自動火災報知設備システムとは感知器により熱や煙を自動的に感知し、
受信機を経由して音響設備で音を鳴らせ建物内の人々に知らせることにより、
避難や初期消火活動を促す設備です。

自動火災報知設備システムは感知器や受信機・発信機で構成されており
一定規模以上の大きさの建物などの防火対象物では設置を義務づけられています。

一般的に「自火報」と呼ばれています。

 

感知器とは

感知器とは火災によって生じた熱や煙・炎を利用して自動的に火災の発生を感知し、
火災信号を発信するものをいいます。

感知器には熱感知器、煙感知器、炎感知器の3種類あります。

火災が発生すると、煙⇒熱⇒炎の順に発生します。

何を感知するかによって感知器の種類や設置場所が変わります。

火災初期には まず「煙」が発生し、
時間の経過により可燃物に引火して「熱」が発生し
最後に大きな「炎」となります。

 

煙が発生した段階で感知すれば、引火する前に消火できる可能性があるので、
煙感知器が初期消火には大変役立ちます。
熱感知器は、煙から火に移行した後の熱を察知するものであり、
熱感知器が動作する頃にはすでに出火している可能性が高くなります。
ではそれぞれの感知器を詳しく説明していきます。

 

熱感知器

熱感知器とは火災による温度の上昇を感知するものです。
また煙感知器や炎感知器よりも安価です。

熱を感知するという性能のため熱感知器が作動した時にはすでに出火状態となっていると想定され
火災察知の速さからすれば、煙感知器に及びません。

熱感知器には「屋内仕様」と「屋外仕様」があり、
軒下・厨房、湿気が多い場所に熱感知器を設置する場合は、屋外仕様の防水型熱感知器を設置します。
また特殊な環境で使用することが多いため防水・防湿度・高温形など多くの種類が作られています。
ミストサウナ室や岩盤浴室など、高温かつ高い湿度の部屋へ設置します。

設置の方法としては、感度が良い感知器が作動して初めに非常ベルを鳴らせ、
次に感度が鈍い感知器が作動し防火戸や防火シャッターを動作させるようなシステムです。
このように感知器の使い分けをしているのは建物内にいる人避難誘導を円滑に行うためです。

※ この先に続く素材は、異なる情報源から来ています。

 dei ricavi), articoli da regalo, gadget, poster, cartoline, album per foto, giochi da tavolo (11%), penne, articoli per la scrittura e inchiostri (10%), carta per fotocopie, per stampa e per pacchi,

また熱感知器には差動式と定温式の2種類あり火災の熱を検知して受信機に信号を送ります。

 

▶︎定温式スポット型感知器

定温式とは一定の温度以上になると熱を感知し発報するようになっています。
湯気や煙には一切反応せず熱が70度以上に到達すると感知するようになっています。
火災の感知が差動式よりも遅いため、湿度の高い場所での設置が一般的です。

この定温式スポット型感知器は表面が銀色の集熱板(アルミ製)が剥き出しになっているのが特徴です。

▶︎差動式スポット型感知器

差動式は感知器の周囲の温度が急激に上昇するにしたがって、
内部の空気が膨張して感知するものです。

ただ、感知する温度は一定ではなく、火炎でなく緩やかな温度上昇のときは、
リーク孔と呼ばれる穴から空気を逃がして感知しないような仕組みになっています。

白い円盤状で全体が丸みを帯びているような形状になっているのが特徴です。

居間や各居室・事務所など温度の変化がない場所に差動式スポット型感知器が設置されます。